- [YOUR GOAL]:
With the pictures removed, write out the data below exactly.

- [Dataset items]:
◆ ◆ ◆ ◆ ◆

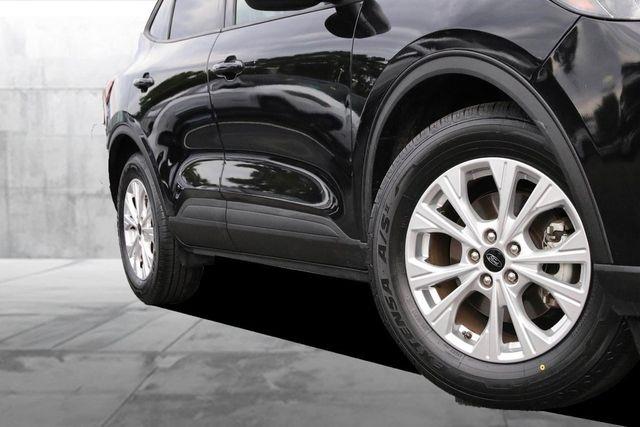 2025 Ford Escape - $22,990
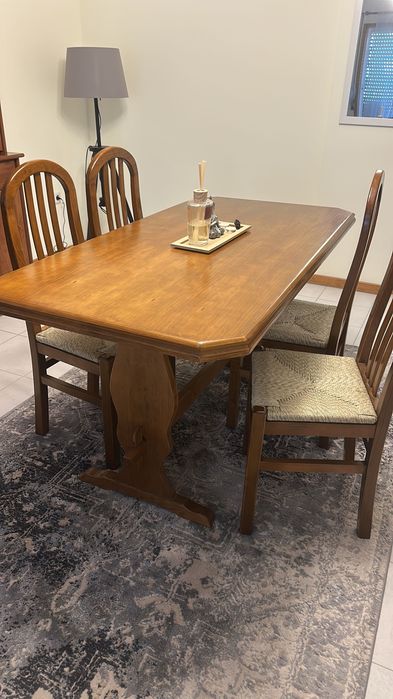 Mesa de Jantar com 4 cadeiras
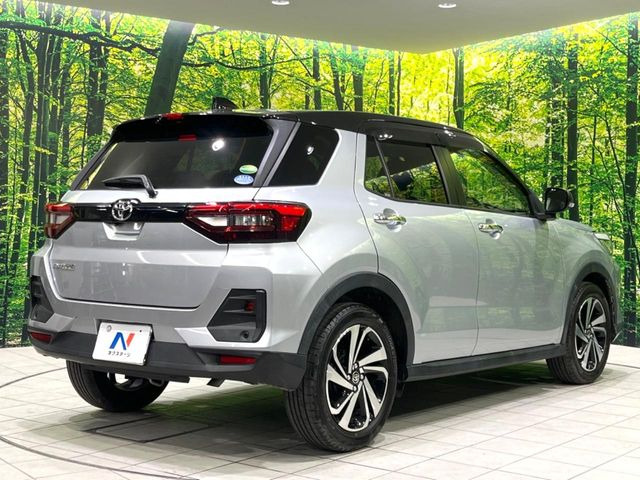 ☆全国のネクステージからお取り寄せが可能※!遠方の店舗に展示してあるクルマが気になる場合も、最寄りの店舗でご覧いただくことが可能です!是非私たちに要望をお聞かせください!※別途費用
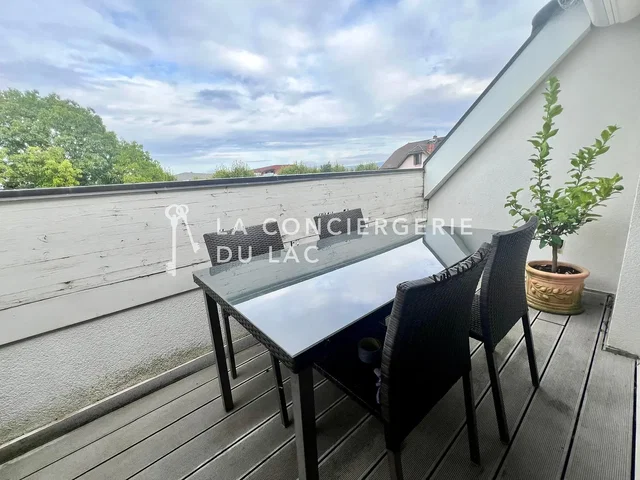 Terraza; vista, luz natural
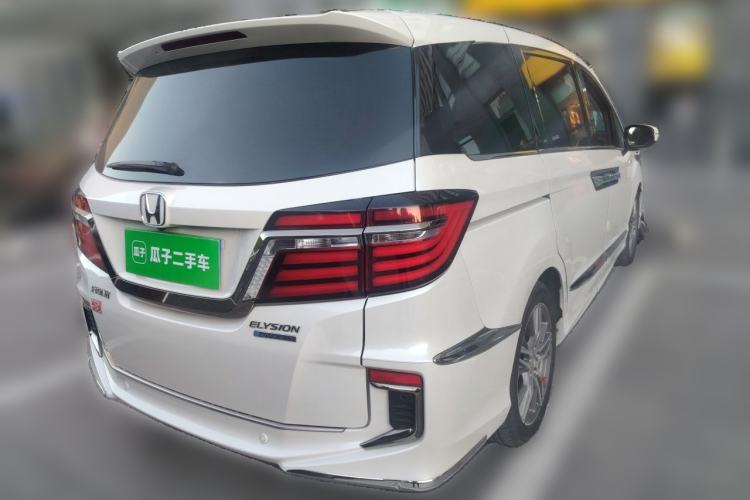 Used Honda Elysion 2019 2.0L Hybrid Luxury Edition Rear Right 45 Deg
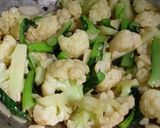 Foto langkah ke 6 dari resep Tumis kembang kol.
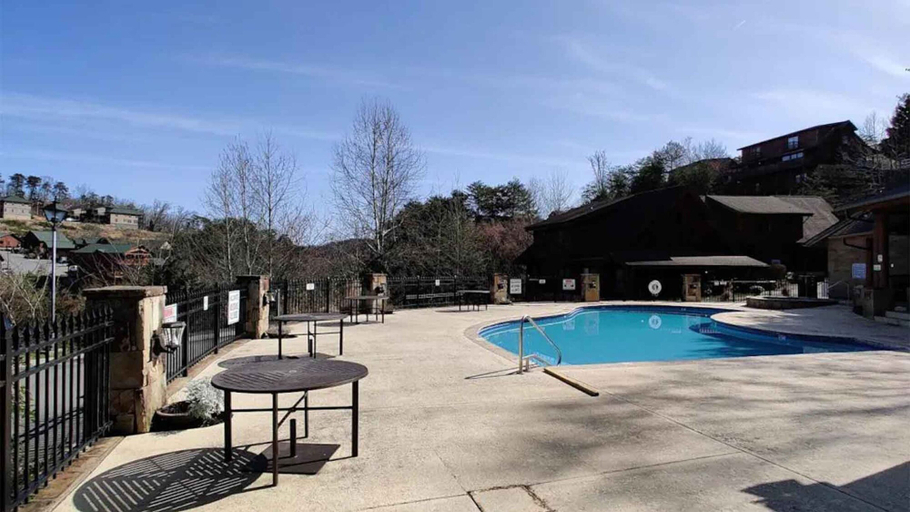Room 2, Beautiful New Remodel Pool Golf Condo, Sevier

◆ ◆ ◆ ◆ ◆

- [SOLUTION TO THE EXERCISE]:
 2025 Ford Escape - $22,990
 Mesa de Jantar com 4 cadeiras
 ☆全国のネクステージからお取り寄せが可能※!遠方の店舗に展示してあるクルマが気になる場合も、最寄りの店舗でご覧いただくことが可能です!是非私たちに要望をお聞かせください!※別途費用
 Terraza; vista, luz natural
 Used Honda Elysion 2019 2.0L Hybrid Luxury Edition Rear Right 45 Deg
 Foto langkah ke 6 dari resep Tumis kembang kol.
Room 2, Beautiful New Remodel Pool Golf Condo, Sevier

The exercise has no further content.